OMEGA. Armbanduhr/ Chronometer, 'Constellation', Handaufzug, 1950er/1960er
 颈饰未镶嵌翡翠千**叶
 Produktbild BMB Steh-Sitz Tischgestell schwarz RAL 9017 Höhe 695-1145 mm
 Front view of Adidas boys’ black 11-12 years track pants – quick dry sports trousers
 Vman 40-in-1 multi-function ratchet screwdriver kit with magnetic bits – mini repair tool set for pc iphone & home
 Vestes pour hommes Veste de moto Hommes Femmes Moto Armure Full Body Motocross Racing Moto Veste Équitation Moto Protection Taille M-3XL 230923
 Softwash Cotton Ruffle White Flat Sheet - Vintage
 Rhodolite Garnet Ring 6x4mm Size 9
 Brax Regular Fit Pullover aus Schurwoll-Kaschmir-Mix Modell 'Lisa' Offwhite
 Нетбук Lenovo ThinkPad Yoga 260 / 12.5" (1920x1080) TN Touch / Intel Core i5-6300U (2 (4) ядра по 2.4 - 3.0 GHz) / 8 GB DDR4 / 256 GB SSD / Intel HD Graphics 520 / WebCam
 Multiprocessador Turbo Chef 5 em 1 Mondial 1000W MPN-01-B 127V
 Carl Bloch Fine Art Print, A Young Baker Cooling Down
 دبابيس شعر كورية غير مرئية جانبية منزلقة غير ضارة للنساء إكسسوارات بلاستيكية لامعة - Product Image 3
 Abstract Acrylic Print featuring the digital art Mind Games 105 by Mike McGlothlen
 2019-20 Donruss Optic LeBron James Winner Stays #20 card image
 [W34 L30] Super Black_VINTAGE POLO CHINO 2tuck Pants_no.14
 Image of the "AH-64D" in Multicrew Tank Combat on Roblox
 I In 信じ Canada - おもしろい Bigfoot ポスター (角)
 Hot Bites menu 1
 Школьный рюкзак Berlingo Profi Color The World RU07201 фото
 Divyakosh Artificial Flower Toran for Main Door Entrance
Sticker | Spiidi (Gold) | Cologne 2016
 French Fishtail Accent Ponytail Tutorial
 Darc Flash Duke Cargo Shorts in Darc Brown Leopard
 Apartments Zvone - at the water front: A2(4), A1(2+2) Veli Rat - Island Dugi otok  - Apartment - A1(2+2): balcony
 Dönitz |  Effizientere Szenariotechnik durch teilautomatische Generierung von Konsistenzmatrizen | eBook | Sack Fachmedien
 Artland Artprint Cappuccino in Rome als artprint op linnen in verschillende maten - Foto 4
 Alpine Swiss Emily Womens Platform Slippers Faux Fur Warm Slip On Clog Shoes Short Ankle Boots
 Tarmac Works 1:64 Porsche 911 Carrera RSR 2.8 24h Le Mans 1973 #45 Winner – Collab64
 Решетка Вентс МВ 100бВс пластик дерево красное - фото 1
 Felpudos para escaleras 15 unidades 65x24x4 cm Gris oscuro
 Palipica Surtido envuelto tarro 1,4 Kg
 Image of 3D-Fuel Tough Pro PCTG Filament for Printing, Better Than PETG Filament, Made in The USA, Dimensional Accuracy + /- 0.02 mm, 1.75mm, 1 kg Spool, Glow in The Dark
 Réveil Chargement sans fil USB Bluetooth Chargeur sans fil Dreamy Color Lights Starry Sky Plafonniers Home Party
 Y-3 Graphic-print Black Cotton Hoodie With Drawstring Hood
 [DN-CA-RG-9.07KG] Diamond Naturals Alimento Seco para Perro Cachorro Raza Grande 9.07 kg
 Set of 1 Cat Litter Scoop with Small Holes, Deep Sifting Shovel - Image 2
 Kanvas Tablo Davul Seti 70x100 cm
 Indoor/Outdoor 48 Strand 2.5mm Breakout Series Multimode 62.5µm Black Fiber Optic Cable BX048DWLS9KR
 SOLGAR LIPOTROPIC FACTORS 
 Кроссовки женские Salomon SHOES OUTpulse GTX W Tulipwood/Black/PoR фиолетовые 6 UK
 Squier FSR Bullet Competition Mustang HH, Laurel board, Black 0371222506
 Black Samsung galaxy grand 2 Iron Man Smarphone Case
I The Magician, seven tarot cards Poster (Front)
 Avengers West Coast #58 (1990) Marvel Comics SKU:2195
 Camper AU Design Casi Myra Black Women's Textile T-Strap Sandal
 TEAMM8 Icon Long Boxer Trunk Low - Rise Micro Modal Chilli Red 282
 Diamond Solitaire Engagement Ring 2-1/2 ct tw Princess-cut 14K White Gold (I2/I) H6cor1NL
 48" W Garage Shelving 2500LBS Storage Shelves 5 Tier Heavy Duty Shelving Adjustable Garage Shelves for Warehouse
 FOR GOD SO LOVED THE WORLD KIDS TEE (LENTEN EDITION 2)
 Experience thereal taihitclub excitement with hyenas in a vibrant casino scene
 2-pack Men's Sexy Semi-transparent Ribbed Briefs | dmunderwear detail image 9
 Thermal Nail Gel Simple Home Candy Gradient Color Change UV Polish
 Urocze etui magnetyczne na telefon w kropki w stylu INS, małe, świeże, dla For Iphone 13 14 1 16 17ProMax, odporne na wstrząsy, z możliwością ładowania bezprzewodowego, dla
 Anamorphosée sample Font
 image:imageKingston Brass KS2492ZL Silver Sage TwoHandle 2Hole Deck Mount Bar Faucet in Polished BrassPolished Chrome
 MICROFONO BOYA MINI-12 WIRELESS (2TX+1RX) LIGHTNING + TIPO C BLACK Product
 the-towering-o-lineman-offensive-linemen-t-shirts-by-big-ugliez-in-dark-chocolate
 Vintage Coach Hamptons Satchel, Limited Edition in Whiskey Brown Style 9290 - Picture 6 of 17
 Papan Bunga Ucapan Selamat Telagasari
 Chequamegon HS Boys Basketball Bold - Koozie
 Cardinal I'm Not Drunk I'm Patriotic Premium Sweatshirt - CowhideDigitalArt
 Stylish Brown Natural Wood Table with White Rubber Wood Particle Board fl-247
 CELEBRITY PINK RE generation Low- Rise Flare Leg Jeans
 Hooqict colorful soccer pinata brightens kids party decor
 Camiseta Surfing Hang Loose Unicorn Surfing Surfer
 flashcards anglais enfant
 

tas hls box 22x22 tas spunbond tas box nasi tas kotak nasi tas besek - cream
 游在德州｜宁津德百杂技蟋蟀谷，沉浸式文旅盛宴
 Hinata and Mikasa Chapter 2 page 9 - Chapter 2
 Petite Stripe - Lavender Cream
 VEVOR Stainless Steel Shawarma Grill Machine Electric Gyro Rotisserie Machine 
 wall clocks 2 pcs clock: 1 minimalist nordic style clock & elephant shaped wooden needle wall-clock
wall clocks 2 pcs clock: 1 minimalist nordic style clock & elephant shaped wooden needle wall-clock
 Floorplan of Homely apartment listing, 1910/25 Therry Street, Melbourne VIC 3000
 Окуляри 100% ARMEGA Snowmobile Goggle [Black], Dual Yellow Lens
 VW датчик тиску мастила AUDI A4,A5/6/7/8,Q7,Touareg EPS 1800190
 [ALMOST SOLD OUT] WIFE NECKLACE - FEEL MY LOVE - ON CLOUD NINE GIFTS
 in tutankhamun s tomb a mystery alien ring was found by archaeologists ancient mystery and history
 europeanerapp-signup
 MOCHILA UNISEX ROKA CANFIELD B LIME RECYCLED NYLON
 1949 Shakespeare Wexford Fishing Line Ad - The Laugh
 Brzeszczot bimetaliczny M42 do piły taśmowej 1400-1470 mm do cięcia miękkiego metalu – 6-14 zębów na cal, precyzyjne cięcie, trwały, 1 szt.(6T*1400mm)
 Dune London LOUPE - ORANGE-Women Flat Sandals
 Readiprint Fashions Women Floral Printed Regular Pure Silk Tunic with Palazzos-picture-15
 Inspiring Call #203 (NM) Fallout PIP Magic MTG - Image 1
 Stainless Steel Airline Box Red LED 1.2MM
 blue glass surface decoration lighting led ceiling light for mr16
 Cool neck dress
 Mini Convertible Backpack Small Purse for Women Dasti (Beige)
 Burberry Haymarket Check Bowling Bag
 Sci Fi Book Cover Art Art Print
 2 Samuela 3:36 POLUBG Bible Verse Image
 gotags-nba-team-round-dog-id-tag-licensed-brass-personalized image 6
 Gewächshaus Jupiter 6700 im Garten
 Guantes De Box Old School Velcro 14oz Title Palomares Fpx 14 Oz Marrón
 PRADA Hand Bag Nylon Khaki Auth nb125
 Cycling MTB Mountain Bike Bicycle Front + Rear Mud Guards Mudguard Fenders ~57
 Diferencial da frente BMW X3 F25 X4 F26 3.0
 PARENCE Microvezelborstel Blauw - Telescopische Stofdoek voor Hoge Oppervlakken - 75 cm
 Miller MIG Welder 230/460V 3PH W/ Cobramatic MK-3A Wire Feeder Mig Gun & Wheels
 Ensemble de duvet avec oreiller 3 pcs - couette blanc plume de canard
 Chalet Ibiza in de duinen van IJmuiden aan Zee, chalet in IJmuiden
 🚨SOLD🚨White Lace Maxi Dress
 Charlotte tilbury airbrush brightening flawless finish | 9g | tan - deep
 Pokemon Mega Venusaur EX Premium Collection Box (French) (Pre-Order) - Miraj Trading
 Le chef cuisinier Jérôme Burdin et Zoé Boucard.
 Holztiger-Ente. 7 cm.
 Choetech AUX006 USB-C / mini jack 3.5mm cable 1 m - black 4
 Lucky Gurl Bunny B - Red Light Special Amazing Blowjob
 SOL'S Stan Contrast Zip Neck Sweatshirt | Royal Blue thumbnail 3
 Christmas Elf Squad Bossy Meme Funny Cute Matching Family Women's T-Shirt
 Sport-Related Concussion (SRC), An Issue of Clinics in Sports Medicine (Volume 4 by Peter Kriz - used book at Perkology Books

========

WHAT TO PRODUCE: Take the records above and return, word for word, only the lines that fall from the line with "Sticker | Spiidi (Gold) | Cologne 2016" to the line with "Кроссовки женские Salomon", both of them included.

YOUR SOLUTION:
Sticker | Spiidi (Gold) | Cologne 2016
 French Fishtail Accent Ponytail Tutorial
 Darc Flash Duke Cargo Shorts in Darc Brown Leopard
 Apartments Zvone - at the water front: A2(4), A1(2+2) Veli Rat - Island Dugi otok  - Apartment - A1(2+2): balcony
 Dönitz |  Effizientere Szenariotechnik durch teilautomatische Generierung von Konsistenzmatrizen | eBook | Sack Fachmedien
 Artland Artprint Cappuccino in Rome als artprint op linnen in verschillende maten - Foto 4
 Alpine Swiss Emily Womens Platform Slippers Faux Fur Warm Slip On Clog Shoes Short Ankle Boots
 Tarmac Works 1:64 Porsche 911 Carrera RSR 2.8 24h Le Mans 1973 #45 Winner – Collab64
 Решетка Вентс МВ 100бВс пластик дерево красное - фото 1
 Felpudos para escaleras 15 unidades 65x24x4 cm Gris oscuro
 Palipica Surtido envuelto tarro 1,4 Kg
 Image of 3D-Fuel Tough Pro PCTG Filament for Printing, Better Than PETG Filament, Made in The USA, Dimensional Accuracy + /- 0.02 mm, 1.75mm, 1 kg Spool, Glow in The Dark
 Réveil Chargement sans fil USB Bluetooth Chargeur sans fil Dreamy Color Lights Starry Sky Plafonniers Home Party
 Y-3 Graphic-print Black Cotton Hoodie With Drawstring Hood
 [DN-CA-RG-9.07KG] Diamond Naturals Alimento Seco para Perro Cachorro Raza Grande 9.07 kg
 Set of 1 Cat Litter Scoop with Small Holes, Deep Sifting Shovel - Image 2
 Kanvas Tablo Davul Seti 70x100 cm
 Indoor/Outdoor 48 Strand 2.5mm Breakout Series Multimode 62.5µm Black Fiber Optic Cable BX048DWLS9KR
 SOLGAR LIPOTROPIC FACTORS 
 Кроссовки женские Salomon SHOES OUTpulse GTX W Tulipwood/Black/PoR фиолетовые 6 UK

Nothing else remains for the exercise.